- The Anti-Defamation League counted 59 incidents in which antisemites cited the rapper formerly known as Kanye West.
- In an interview last year, Ye denied the Holocaust and praised Adolf Hitler.
- Overall, ADL researchers found there was a 59% increase in antisemitic incidents last year.
Ye, the rapper formerly known as Kanye West, did more than just derail his own career when he began last year to publicly proclaim his love for the leader of Nazi Germany and hatred of Jews that he claimed had wronged him — he appeared to inspire dozens of antisemitic incidents across the United States, according to a report released Thursday, including a physical attack by a perpetrator who yelled, “Kanye 2024!”
Beginning last October, Ye gave a string of interviews in which he espoused rank bigotry, including an appearance with far-right conspiracy theorist Alex Jones in which he declared: “I like Hitler.” He also sparked outrage when he brought white nationalist provocateur Nick Fuentes with him to a dinner at Mar-a-Lago with former President Donald Trump — a meeting that came roughly a month after he was dropped by Adidas over his “unacceptable, hateful, and dangerous” comments.
The celebrity endorsement of antisemitism was followed by a spree of hate by emboldened bigots, according to the Anti-Defamation League, which counted no fewer than 59 incidents in the last three months of 2022 in which bigots directly referenced Ye, including two assaults. At least 10 incidents of harassment or antisemitic vandalism occurred in schools across the country that referenced Ye’s remarks; in Los Angeles, neo-Nazis dropped a banner on a highway overpass declaring, “Kanye was right about the jews”; and at a Jewish cemetery in Illinois, gravestones were desecrated with swastikas and the words, “Kanye was rite.”
The incidents have continued through this year, with white supremacists setting up booths on college campuses in Florida and Alabama with a banner that read: “Ye is right, change my mind.”

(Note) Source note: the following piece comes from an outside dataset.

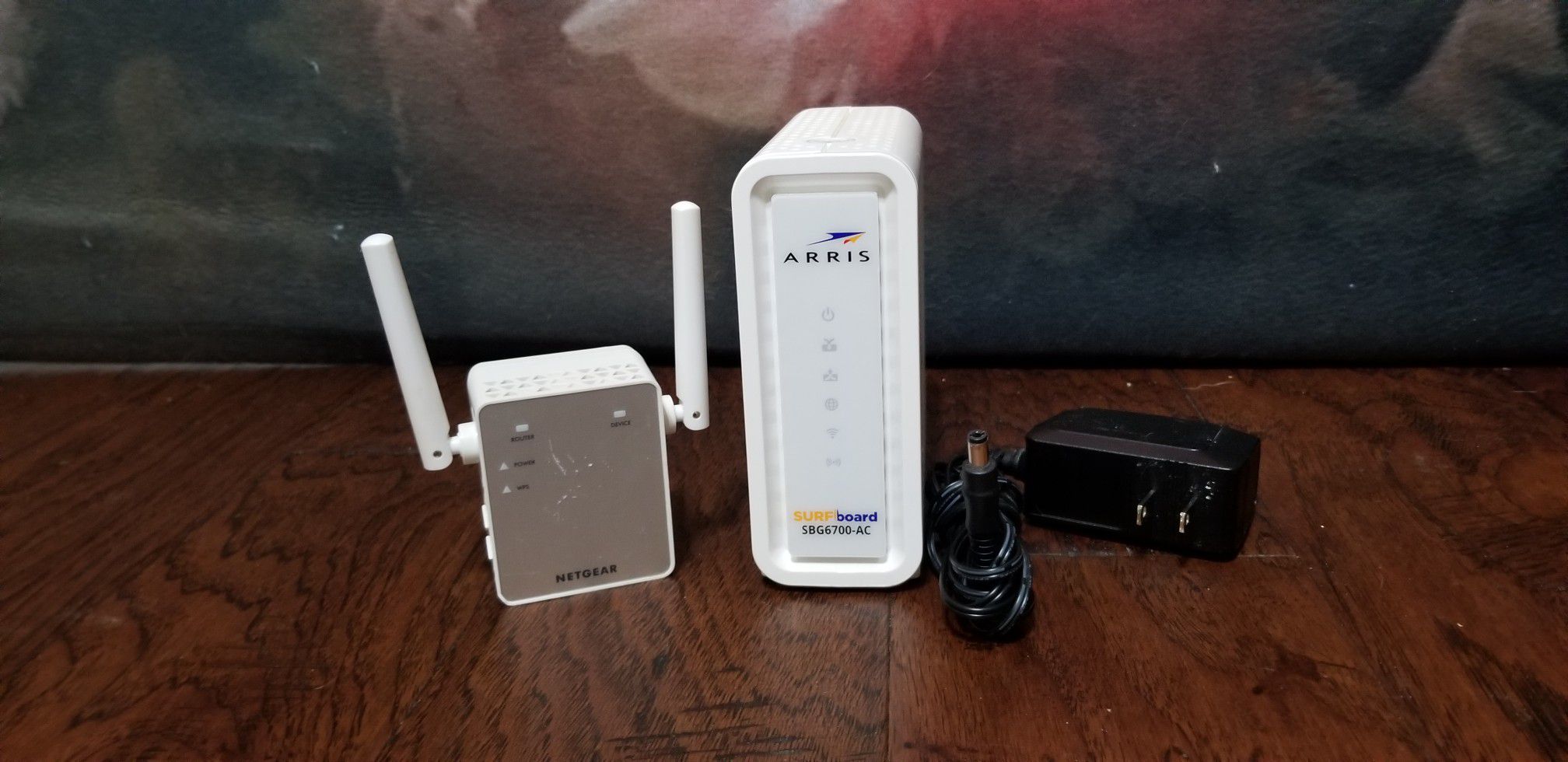Arris Cable Modem/Router and Netgear WiFi extender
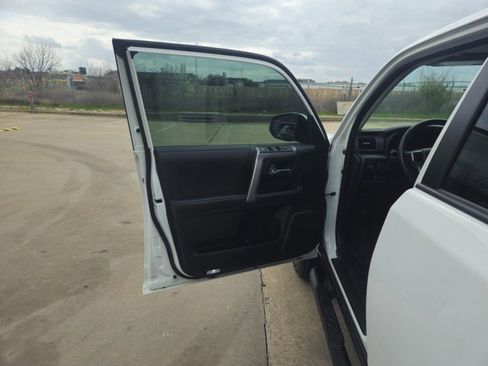 Used 2023 Toyota 4Runner SR5 Premium w/ Moonroof Package image 12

Attorneys representing Kanye West did not immediately return Insider’s requests for comment.
Overall, ADL researchers found there was a 36% spike in antisemitic incidents in 2022 compared to the year before, with the ADL tracking just under 3,700 cases across the country, the highest on record. That number includes more 111 assaults on Jews and people perceived to be Jewish, up 26% from 2021; just under 1,300 acts of vandalism, including the drawing of swastikas on or near synagogues, up 51%; and nearly 2,300 incidents of harassment, up 29%.
“We’re deeply disturbed by this dramatic and completely unacceptable surge in antisemitic incidents,” ADL CEO Jonathan Greenblatt said in a statement. “While we can’t point to any single factor or ideology driving this increase, the surges in organized white supremacist propaganda activity, brazen attacks on Orthodox Jews, a rapid escalation of bomb threats toward Jewish institutions, and significant increases of incidents in schools and on college campuses all contributed to the unusually high number.”
The ADL said there was an especially large increase in organizing by avowed white supremacists, with the organization counting more than 850 incidents of racist extremists distributing antisemitic propaganda, double the year before.
The ADL report comes after the FBI last year said that white supremacists “pose the primary threat” of domestic terrorism. The Armed Conflict Location & Event Data Project, which tracks far-right activity, also found a dramatic increase last year in extremist organizing, with white supremacist groups increasingly targeting those perceived to be members of the LGBTQ community.